Add a blurb about how to deal with float16.

59553e0a · Arnaud Bergeron · 0faeaab5 · 59553e0a · 59553e0a
--- a/doc/extending/extending_theano_gpu.txt
+++ b/doc/extending/extending_theano_gpu.txt
@@ -156,25 +156,48 @@ in most cases in your :meth:`c_code` method.  This is done by using
 the provided wrapper function. An example calling the above kernel
 would be::
-    size_t ls, gs;
    size_t dims[2];
+    size_t n = 256;
    // ...
-    ls = 1;
+    err = k_scall(1, &n, 0, input->ga.data, dims[0], dims[1]);
-    gs = 256;
-    err = k_call(1, &gs, &ls, 0, input->ga.data, dims[0], dims[1]);
+    // ...
+If you want explicit control over the scheduling, you can use the
+`_call` wrapper instead which works like this::
+    size_t ls, gs;
    // ...
+    gs = 1;
+    ls = 256;
+    err = k_call(1, &gs, &ls, 0, input->ga.data, dims[0], dims[1]);
 The name of the wrapper function depends on the name you passed to
 ``Kernel()`` when you declared it (or the name in your `#kernel`
-statement).  It defaults to `name + '_call'`.
+statement).  It defaults to `name + '_call' or '_scall'`.
 For other operations in the C code you should refer to the
 `libgpuarray documentation
 <http://deeplearning.net/software/libgpuarray/>`_.
+Dealing with float16
+====================
+To support limited-precision storage in a kernel you have to be
+careful to load values properly, declare working memory in float32 and
+write results properly.  To help with that some functions have been
+declared in `theano.gpuarray.fp16_help`.
+To load the inputs you should wrap the read with the function returned
+by :function:`load_w`. Similarly writes should be wrapped in the
+function returned by :function:`write_w`.  Finally working data should
+have the type returned by :function:`work_dtype`.
 A Complete Example
 ==================

--- a/theano/gpuarray/fp16_help.py
+++ b/theano/gpuarray/fp16_help.py
@@ -2,6 +2,10 @@ from __future__ import absolute_import, print_function, division
 def work_dtype(dtype):
+    """
+    Return the data type for working memory.
+    """
    if dtype == 'float16':
        return 'float32'
    else:
@@ -9,6 +13,14 @@ def work_dtype(dtype):
 def load_w(dtype):
+    """
+    Return the function name to load data.

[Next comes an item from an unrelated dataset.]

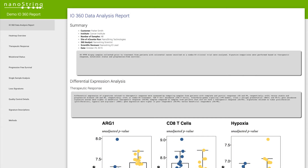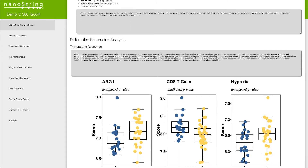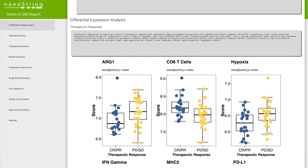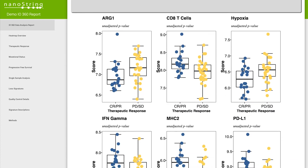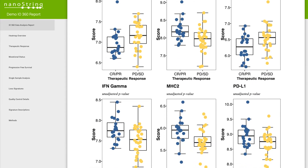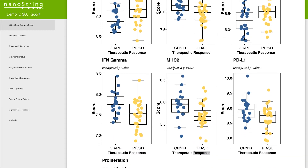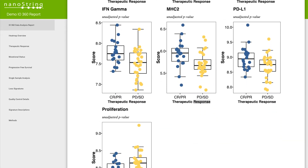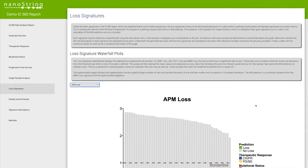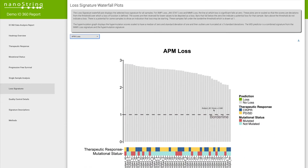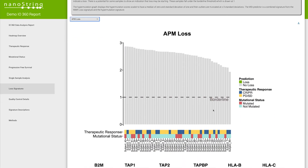The IO360 Data Analysis Report is delivered in an interactive HTML format, complete with user-friendly navigation to view the different analyses carried out in the study. From summary to specific analysis detail, the report provides you robust, ready-to-publish content at your fingertips.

+    This should be used like this::
+        code = '%(load_f)s(ival)' % (load_w(input_type),)
+    """
    if dtype == 'float16':
        return '__half2float'
    else:
@@ -16,6 +28,14 @@ def load_w(dtype):
 def write_w(dtype):
+    """
+    Return the function name to write data.
+    This should be used like this::
+        code = 'res = %(write_f)s(oval)' % (write_w(output_type),)
+    """
    if dtype == 'float16':
        return '__float2half_rn'
    else: